▶ **What you need to do**: Copy out exactly the lines from the one containing "2026 Acura MDX - $44,888" to the end of the records below, both included, and nothing else.

====== Data supplied

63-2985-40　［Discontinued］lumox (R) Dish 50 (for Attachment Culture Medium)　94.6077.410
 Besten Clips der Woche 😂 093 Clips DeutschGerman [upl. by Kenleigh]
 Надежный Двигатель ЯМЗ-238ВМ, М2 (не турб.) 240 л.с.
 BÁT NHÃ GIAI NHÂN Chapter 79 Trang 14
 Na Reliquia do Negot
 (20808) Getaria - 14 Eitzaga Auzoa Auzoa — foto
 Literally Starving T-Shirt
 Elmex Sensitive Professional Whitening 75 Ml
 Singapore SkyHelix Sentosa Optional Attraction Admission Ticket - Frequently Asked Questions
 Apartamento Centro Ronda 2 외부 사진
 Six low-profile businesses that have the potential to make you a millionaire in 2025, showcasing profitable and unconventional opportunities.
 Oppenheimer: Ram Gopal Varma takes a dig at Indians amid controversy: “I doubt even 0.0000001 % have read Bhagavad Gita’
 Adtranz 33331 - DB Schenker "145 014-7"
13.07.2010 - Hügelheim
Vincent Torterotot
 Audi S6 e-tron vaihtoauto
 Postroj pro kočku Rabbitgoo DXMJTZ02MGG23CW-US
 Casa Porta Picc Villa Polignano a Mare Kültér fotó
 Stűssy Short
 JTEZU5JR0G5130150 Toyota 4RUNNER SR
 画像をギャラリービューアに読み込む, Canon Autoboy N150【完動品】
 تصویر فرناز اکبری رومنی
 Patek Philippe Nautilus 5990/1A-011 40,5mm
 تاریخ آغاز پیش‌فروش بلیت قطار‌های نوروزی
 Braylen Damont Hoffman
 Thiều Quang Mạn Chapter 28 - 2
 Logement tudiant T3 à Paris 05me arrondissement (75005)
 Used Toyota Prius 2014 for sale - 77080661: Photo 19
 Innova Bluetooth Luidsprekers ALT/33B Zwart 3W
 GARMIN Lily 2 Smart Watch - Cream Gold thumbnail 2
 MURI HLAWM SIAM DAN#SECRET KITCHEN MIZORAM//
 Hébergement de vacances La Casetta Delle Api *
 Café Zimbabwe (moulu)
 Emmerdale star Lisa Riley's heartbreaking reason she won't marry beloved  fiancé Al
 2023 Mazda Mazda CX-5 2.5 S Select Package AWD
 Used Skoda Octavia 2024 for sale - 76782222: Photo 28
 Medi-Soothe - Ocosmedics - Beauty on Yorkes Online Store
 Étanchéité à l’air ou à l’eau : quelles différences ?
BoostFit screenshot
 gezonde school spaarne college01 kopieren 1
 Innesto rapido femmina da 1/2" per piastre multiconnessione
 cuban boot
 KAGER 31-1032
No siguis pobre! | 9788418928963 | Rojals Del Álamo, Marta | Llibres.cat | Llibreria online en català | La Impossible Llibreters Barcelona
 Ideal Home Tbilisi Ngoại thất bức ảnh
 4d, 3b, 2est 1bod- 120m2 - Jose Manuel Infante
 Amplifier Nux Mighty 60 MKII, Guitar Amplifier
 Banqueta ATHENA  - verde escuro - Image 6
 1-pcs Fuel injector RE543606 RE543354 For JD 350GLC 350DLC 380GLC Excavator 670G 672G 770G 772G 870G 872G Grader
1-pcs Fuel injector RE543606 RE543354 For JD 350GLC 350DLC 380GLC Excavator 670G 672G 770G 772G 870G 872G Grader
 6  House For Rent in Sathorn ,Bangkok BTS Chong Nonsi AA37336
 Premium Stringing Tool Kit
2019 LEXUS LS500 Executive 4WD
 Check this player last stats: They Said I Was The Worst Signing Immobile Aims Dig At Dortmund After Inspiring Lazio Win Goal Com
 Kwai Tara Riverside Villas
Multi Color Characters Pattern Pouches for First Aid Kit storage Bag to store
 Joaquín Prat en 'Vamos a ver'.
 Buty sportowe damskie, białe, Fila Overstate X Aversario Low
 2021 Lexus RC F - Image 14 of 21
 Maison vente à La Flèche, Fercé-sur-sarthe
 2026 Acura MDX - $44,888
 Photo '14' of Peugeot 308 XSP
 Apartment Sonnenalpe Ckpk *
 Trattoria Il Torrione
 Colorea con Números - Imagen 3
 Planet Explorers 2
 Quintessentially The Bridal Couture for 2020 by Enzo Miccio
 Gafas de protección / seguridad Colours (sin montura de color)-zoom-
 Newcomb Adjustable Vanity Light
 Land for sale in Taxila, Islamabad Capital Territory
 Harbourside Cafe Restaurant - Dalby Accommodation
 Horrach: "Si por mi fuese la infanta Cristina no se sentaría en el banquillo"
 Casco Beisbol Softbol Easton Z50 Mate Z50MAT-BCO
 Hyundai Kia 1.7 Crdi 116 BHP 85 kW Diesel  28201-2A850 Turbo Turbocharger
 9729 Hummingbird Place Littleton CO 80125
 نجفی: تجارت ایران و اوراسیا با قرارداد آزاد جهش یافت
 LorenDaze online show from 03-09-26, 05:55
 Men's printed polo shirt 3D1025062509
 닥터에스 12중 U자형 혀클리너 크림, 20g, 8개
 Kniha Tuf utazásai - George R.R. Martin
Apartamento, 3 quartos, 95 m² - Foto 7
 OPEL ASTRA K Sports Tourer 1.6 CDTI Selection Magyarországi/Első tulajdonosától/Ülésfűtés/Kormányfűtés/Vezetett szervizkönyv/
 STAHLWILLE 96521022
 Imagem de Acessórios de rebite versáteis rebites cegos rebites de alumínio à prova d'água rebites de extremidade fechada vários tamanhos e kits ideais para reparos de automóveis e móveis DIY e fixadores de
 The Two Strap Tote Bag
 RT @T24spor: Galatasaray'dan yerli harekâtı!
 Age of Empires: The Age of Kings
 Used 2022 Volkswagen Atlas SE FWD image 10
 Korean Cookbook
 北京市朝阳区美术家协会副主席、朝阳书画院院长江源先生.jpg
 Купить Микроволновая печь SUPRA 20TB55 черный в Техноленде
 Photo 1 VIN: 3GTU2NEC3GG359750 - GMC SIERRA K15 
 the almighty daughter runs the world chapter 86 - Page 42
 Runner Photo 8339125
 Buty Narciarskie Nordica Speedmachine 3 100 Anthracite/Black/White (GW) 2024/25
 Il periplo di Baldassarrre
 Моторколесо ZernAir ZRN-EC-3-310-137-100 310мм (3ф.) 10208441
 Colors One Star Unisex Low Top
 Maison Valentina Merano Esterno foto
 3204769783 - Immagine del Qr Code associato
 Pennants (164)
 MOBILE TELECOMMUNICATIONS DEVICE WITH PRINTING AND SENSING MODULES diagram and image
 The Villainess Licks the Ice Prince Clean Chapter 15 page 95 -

============

▶ **Answer space**:
 2026 Acura MDX - $44,888
 Photo '14' of Peugeot 308 XSP
 Apartment Sonnenalpe Ckpk *
 Trattoria Il Torrione
 Colorea con Números - Imagen 3
 Planet Explorers 2
 Quintessentially The Bridal Couture for 2020 by Enzo Miccio
 Gafas de protección / seguridad Colours (sin montura de color)-zoom-
 Newcomb Adjustable Vanity Light
 Land for sale in Taxila, Islamabad Capital Territory
 Harbourside Cafe Restaurant - Dalby Accommodation
 Horrach: "Si por mi fuese la infanta Cristina no se sentaría en el banquillo"
 Casco Beisbol Softbol Easton Z50 Mate Z50MAT-BCO
 Hyundai Kia 1.7 Crdi 116 BHP 85 kW Diesel  28201-2A850 Turbo Turbocharger
 9729 Hummingbird Place Littleton CO 80125
 نجفی: تجارت ایران و اوراسیا با قرارداد آزاد جهش یافت
 LorenDaze online show from 03-09-26, 05:55
 Men's printed polo shirt 3D1025062509
 닥터에스 12중 U자형 혀클리너 크림, 20g, 8개
 Kniha Tuf utazásai - George R.R. Martin
Apartamento, 3 quartos, 95 m² - Foto 7
 OPEL ASTRA K Sports Tourer 1.6 CDTI Selection Magyarországi/Első tulajdonosától/Ülésfűtés/Kormányfűtés/Vezetett szervizkönyv/
 STAHLWILLE 96521022
 Imagem de Acessórios de rebite versáteis rebites cegos rebites de alumínio à prova d'água rebites de extremidade fechada vários tamanhos e kits ideais para reparos de automóveis e móveis DIY e fixadores de
 The Two Strap Tote Bag
 RT @T24spor: Galatasaray'dan yerli harekâtı!
 Age of Empires: The Age of Kings
 Used 2022 Volkswagen Atlas SE FWD image 10
 Korean Cookbook
 北京市朝阳区美术家协会副主席、朝阳书画院院长江源先生.jpg
 Купить Микроволновая печь SUPRA 20TB55 черный в Техноленде
 Photo 1 VIN: 3GTU2NEC3GG359750 - GMC SIERRA K15 
 the almighty daughter runs the world chapter 86 - Page 42
 Runner Photo 8339125
 Buty Narciarskie Nordica Speedmachine 3 100 Anthracite/Black/White (GW) 2024/25
 Il periplo di Baldassarrre
 Моторколесо ZernAir ZRN-EC-3-310-137-100 310мм (3ф.) 10208441
 Colors One Star Unisex Low Top
 Maison Valentina Merano Esterno foto
 3204769783 - Immagine del Qr Code associato
 Pennants (164)
 MOBILE TELECOMMUNICATIONS DEVICE WITH PRINTING AND SENSING MODULES diagram and image
 The Villainess Licks the Ice Prince Clean Chapter 15 page 95 -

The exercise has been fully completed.